Friday, April 29, 2016

Crater Lake Tour - Garfield Peak (West Bowl/Chute)

A few weeks ago I once again found myself without a tour partner so I decided to head to familiar territory, Crater Lake (OR), where the weather conditions looked like they'd be perfect and the avalanche danger would be low. My plan was to hit the Garfield/Applegate zone with the final line down Garfield's west bowl/main chute - a ~1,200' treeless descent all the way down to the road!

Since it was supposed to be a sunny day with mild temps I wanted to get a fairly early start so that I hit the corn window. I was able to get out of town around 5:30am on Saturday morning, which put me at the Crater Lake HQ at 8:30 and geared up & skiing by 9am. Following a similar approach I had used last time I had toured this zone (trip report here), I climbed for ~2 miles and 300 vertical feet up the snow covered road to where the trees opened up to the north side of the road. From here I climbed for an additional 1.5 miles and 800' until I reached the base of Applegate's southwest bowl. The route from the road to the Applegate bowl is actually very easy going and quite beautiful, as you travel through multiple connecting meadows with not much in the way of forest navigation.


Looking back to the southwest on the way up to Applegate

Another view to the south

Applegate

From the bottom of Applegate I made my way up the western half of the bowl and reached the 8,126' summit with minimal effort. After spending a few minutes to take in the amazing view of Crater Lake I transitioned over to snowboard mode and prepared to drop into the main bowl, which would give me about a 450 foot vertical descent -- not much but still a great way to warm up. The morning sun had softened the snow perfectly and I was treated to near perfect corn conditions, however it was over way too quickly!


Starting the climb up Applegate

First view of the lake

And another view

My tracks, about halfway down Applegate -- low angle soul turns!

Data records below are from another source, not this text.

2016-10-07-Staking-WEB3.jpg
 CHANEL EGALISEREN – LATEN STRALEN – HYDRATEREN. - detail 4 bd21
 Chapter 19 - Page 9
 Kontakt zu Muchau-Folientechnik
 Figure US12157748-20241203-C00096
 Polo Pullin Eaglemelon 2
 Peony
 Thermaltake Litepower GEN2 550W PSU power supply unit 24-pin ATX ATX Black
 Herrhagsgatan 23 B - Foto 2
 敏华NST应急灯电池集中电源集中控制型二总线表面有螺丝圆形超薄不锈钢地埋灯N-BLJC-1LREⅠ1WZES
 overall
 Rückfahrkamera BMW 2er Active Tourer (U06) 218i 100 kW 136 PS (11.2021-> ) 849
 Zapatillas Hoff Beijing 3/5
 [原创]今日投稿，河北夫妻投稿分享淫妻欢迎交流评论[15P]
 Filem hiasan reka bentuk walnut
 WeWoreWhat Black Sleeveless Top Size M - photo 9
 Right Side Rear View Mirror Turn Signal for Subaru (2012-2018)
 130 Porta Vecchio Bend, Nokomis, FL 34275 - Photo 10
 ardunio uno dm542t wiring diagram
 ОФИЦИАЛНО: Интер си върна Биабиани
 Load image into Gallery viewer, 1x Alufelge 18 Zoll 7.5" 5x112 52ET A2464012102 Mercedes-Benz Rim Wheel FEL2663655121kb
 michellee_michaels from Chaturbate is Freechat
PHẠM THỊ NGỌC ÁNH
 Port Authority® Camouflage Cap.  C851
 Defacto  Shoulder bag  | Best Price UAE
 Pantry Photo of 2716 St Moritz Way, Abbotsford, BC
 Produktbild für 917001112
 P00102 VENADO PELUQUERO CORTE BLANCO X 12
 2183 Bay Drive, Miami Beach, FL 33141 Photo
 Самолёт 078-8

It was now time to throw the skins on and head over to Garfield Peak, which was only about a mile to the west. As with the initial approach, the traverse west was pretty easy going due to the open fields with wide sightlines and modest gradient. My plan was to evaluate the snow conditions of Garfield to determine if it was worth getting in a quick lap on the southeast face, before heading toward the main line on the western aspect. Since the sun had been shining for awhile on the southeast face, the snow was getting pretty soft - not quite loose-wet avy conditions but still a bit slushy. Once I reached the top of Garfield I could see that the west face had just started getting sun and was probably still a little crusty; therefore, I decided I may as well get in the quick 200' descent down the southeast face to give the west side time to soften up.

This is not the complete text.